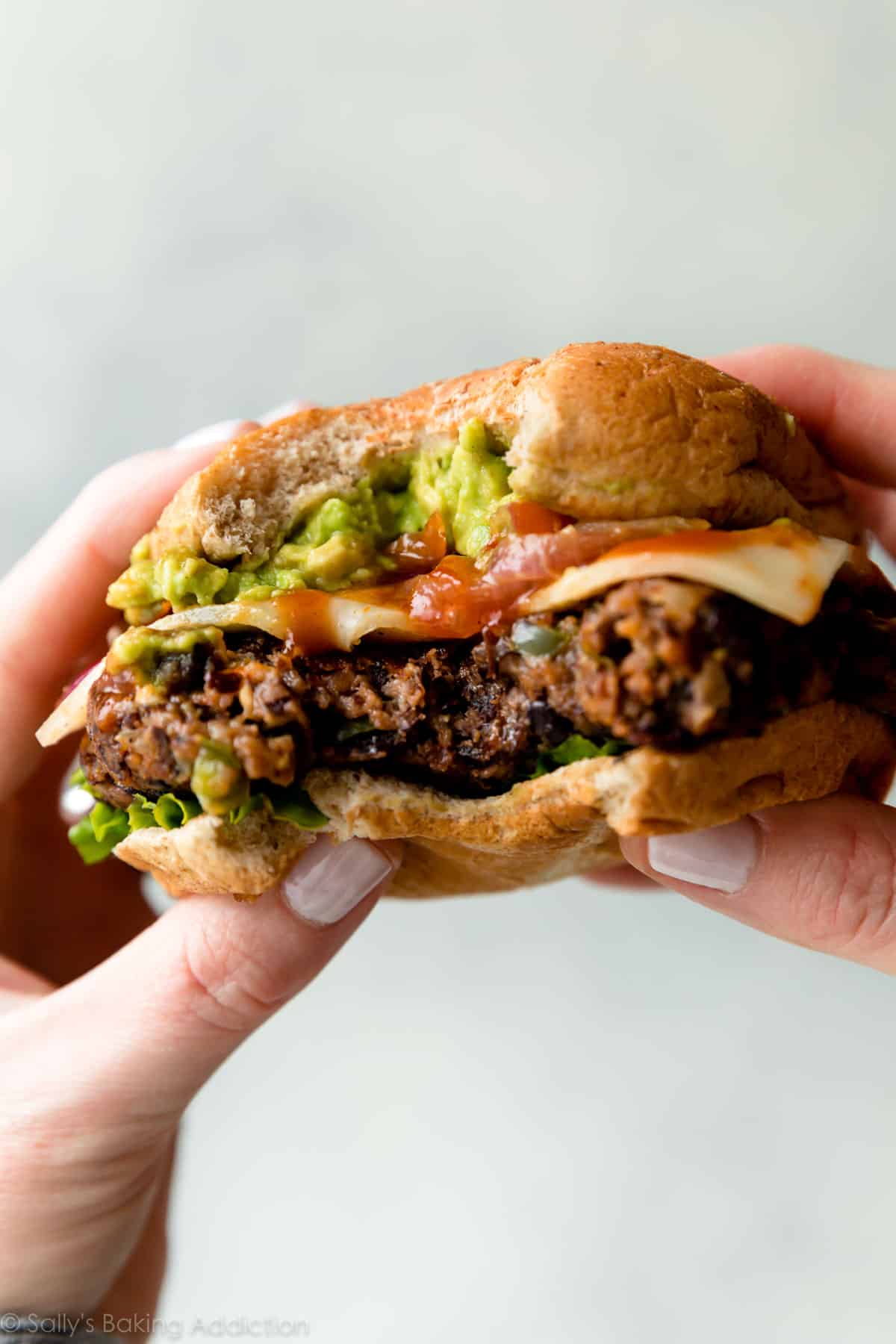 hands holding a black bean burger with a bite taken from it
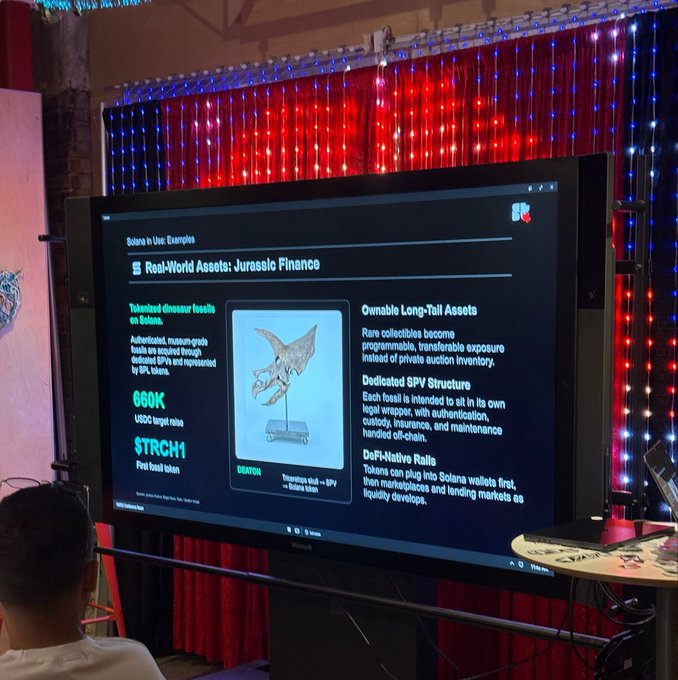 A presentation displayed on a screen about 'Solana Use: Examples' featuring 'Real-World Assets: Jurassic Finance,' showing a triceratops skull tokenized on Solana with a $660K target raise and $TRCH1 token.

▬▬▬

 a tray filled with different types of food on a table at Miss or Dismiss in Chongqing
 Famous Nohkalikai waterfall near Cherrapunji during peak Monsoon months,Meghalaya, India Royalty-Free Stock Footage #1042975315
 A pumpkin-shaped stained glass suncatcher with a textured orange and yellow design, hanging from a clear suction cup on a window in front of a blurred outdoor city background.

▬▬▬

> **DIRECTIONS FOR THIS TASK**: Give back exactly, and solely, the section of the data above bounded by the line containing "hands holding a" and the line containing "A presentation displayed", both bounding lines included and pictures omitted.

> **RESPONSE FOR THIS EXERCISE**:
 hands holding a black bean burger with a bite taken from it
 A presentation displayed on a screen about 'Solana Use: Examples' featuring 'Real-World Assets: Jurassic Finance,' showing a triceratops skull tokenized on Solana with a $660K target raise and $TRCH1 token.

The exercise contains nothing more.